Awesome. And when you pip install fypp
, it doesn’t work?
C++ has benefited a lot from the competition among its compilers. Clang is catching up with g++ in terms of speed, and g++ has followed Clang to improve its error messages.
This pattern appears nonexistent in Fortran. In contrast, when a new feature is mentioned (probably has been around for 40 years in other programming languages), some dudes will instantly argue that Fortran compiler vendors will not implement the feature so it should not be considered. It sounds like that these compiler vendors are competing for conservatism.
Starting over with LFortran and continuously adding new features independent from the standard committee probably is the only way out. The bottom line is that for every extra piece of verbosity, there must be some gains in performance as compensation. Since C++ and Fortran are in the same league in terms of performance, Fortran should strive to make its syntax more concise and readable.

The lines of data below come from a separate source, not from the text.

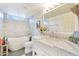 Bright bathroom with a soaking tub, marble countertops, and a modern farmhouse sink for a fresh and luxurious feel at 2431 E Laurel St, Mesa, AZ 85213
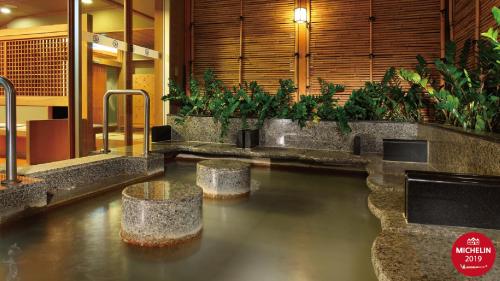 a pool of water in a lobby with plants at Radium Kagaya Taipei in Taipei
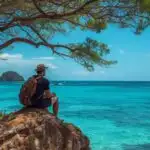 Traveler Sitting on Rock by Ocean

This is simply untrue. Since the 1990s, R users have continuously replaced Fortran with C as the extension programming language. Since the 2010s, C++ has been the first choice after the advent of the Rcpp package. There have been very few Fortran codes in the R ecosystem since the 2000s.
My remark was meant only in the context of the routines underlying the glmnet
package, which carried the header:
c mortran 2.0 (version of 7/04/75 mod 7/4/87 (ajc))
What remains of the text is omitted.